11 December 2024

Hush...Hush, Sweet Charlotte (1964)
Contributed by Michael Karol

Michael Karol is an award-winning New York-based entertainment journalist and author. His books include The ABC Movie of the Week Companion, Lucy A to Z: The Lucille Ball Encyclopedia, Sitcom Queens: Divas of the Small Screen, and The TV Tidbits Classic Television Book of Lists. He has interviewed a long, eclectic list of performers, producers, and writers over the years, including blues legend Johnny ‘Guitar’ Watson; songbird Phyllis Hyman; actors Gale Storm, Susan Lucci, Denise Nickerson, John Noble, Jane Connell, Kaye Ballard, Eva La Rue, Doris Singleton, Kathryn Joosten, Cameron Mathison, and David Hedison; and behind-the-scenes movers and shakers like Wonderfalls creator Bryan Fuller; House, M.D.’s creator and executive producer, David Shore; I Love Lucy’s film editor, Dann Cahn; and director William Asher, who helmed I Love Lucy and Bewitched, among other classics. Michael is currently marketing writer at the New York Botanical Garden. His website is sitcomboy.com

Why have I always loved horror flicks? Especially that genre known affectionately as Grand Guignol (or actually, a subgenre called Grand Dame Guignol, which specialized in putting female stars of, er, a certain age, into gory, violent and, to me, mesmerizingly scary horror/suspense films)?

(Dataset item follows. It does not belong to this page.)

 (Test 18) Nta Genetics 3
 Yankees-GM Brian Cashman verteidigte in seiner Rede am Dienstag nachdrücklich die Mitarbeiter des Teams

Probably because my mom, at a very young age, shared her love of movies by taking me to see such classics of the genre as What Ever Happened to Baby Jane?, Hush…Hush, Sweet Charlotte and Dead Ringer. (She took me to see PSYCHO, too, at a Jersey drive-in, when I was just 7, but that’s another story…to this day, corpses in the basement terrify me.)

As I was a young, impressionable (gay) kid at the time, I immediately fell in love with Bette Davis, Joan Crawford, Agnes Moorehead and Olivia de Havilland - especially the latter two in one of my all-time favorite shock (some will say schlock) fests, Hush…Hush, Sweet Charlotte.

Seeing this film in an actual movie house when I was eleven had a very visceral effect on me, not unlike seeing The Exorcist nine years later in a crowded, sub-zero Times Square theater, packed to the gills with people fainting and throwing up around me: I was scared shitless.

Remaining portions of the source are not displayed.